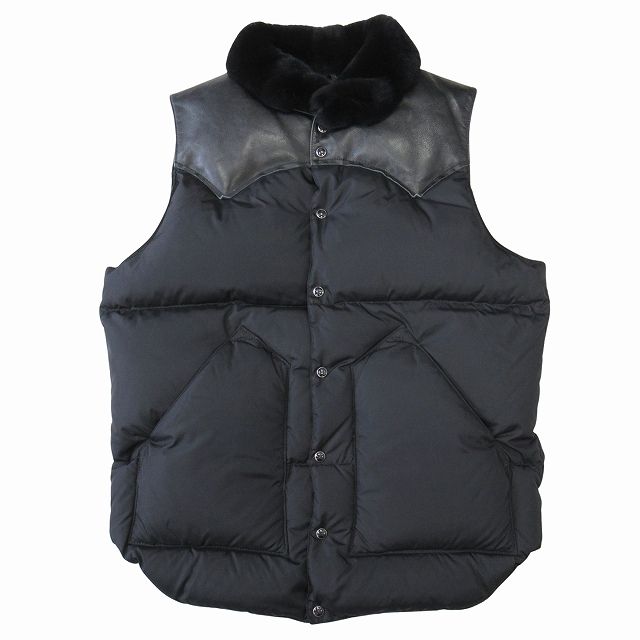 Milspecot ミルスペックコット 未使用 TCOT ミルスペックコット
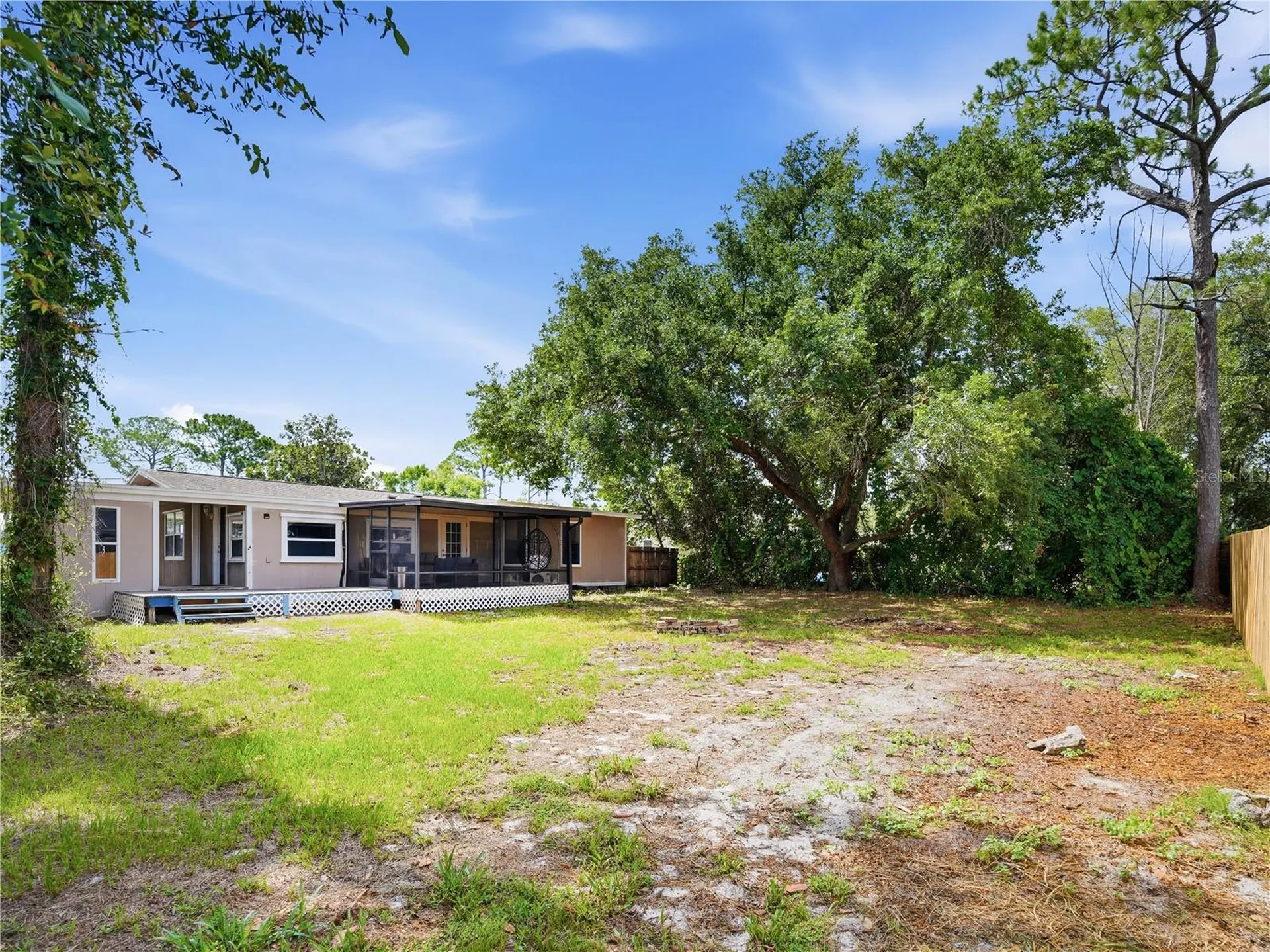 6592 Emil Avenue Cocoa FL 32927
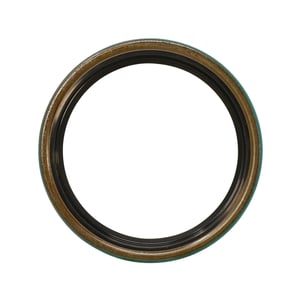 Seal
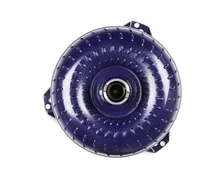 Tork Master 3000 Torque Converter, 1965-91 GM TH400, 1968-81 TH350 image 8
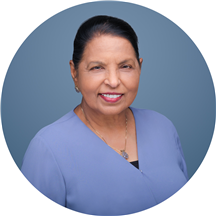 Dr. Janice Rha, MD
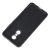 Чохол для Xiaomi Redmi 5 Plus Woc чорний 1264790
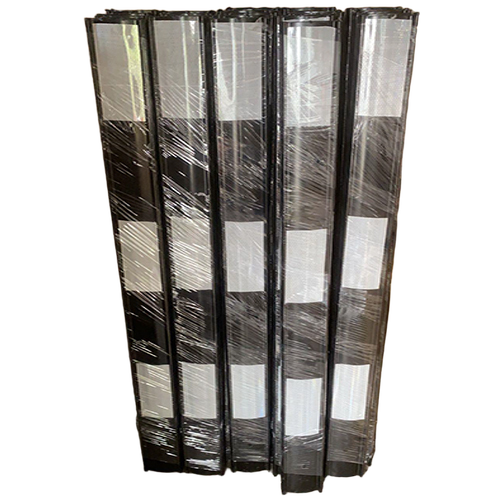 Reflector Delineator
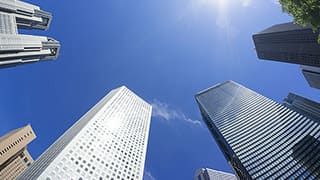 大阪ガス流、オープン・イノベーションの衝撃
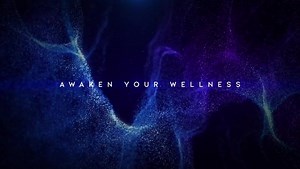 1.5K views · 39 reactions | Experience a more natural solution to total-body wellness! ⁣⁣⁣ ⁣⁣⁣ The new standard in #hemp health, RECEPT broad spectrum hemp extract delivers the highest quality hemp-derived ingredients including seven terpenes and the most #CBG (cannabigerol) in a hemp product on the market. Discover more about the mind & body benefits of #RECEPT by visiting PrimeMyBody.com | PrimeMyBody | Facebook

━━━━━━━━━━━━━━━━━━━━━━━━━━━━━━

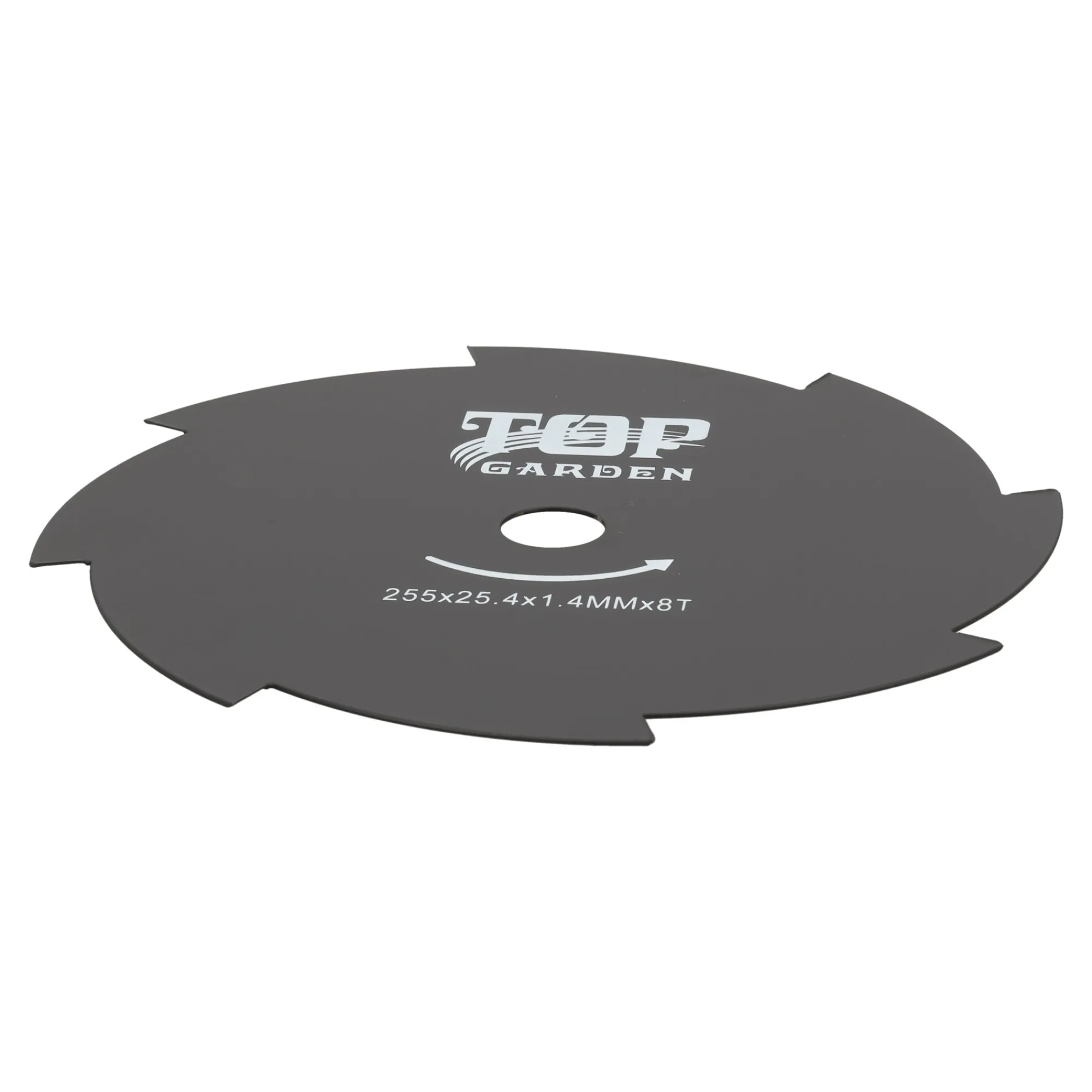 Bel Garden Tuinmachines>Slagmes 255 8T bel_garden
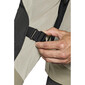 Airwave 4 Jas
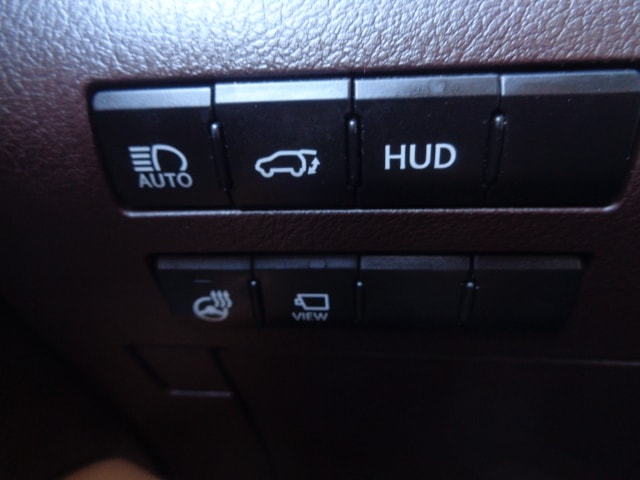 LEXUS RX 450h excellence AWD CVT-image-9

━━━━━━━━━━━━━━━━━━━━━━━━━━━━━━

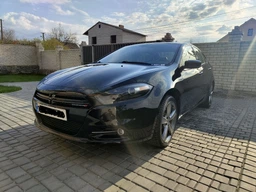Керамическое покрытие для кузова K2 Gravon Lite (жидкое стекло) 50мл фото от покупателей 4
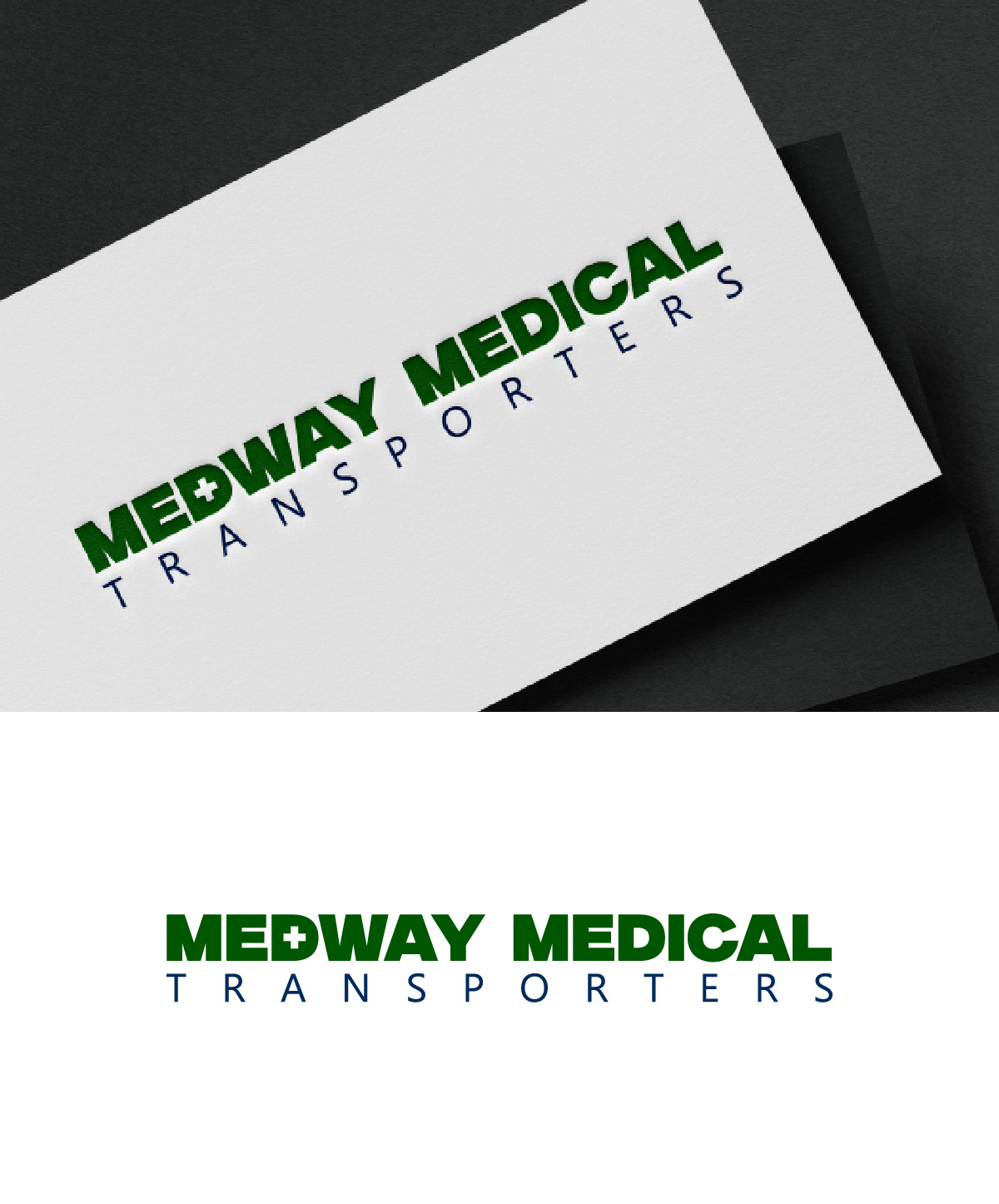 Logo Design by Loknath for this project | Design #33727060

━━━━━━━━━━━━━━━━━━━━━━━━━━━━━━

▶ _Your assignment_
Above are the records; restate exactly the lines from the one containing "Керамическое покрытие для" through the one containing "Logo Design by", keeping pictures out.

▶ _Written solution_
Керамическое покрытие для кузова K2 Gravon Lite (жидкое стекло) 50мл фото от покупателей 4
 Logo Design by Loknath for this project | Design #33727060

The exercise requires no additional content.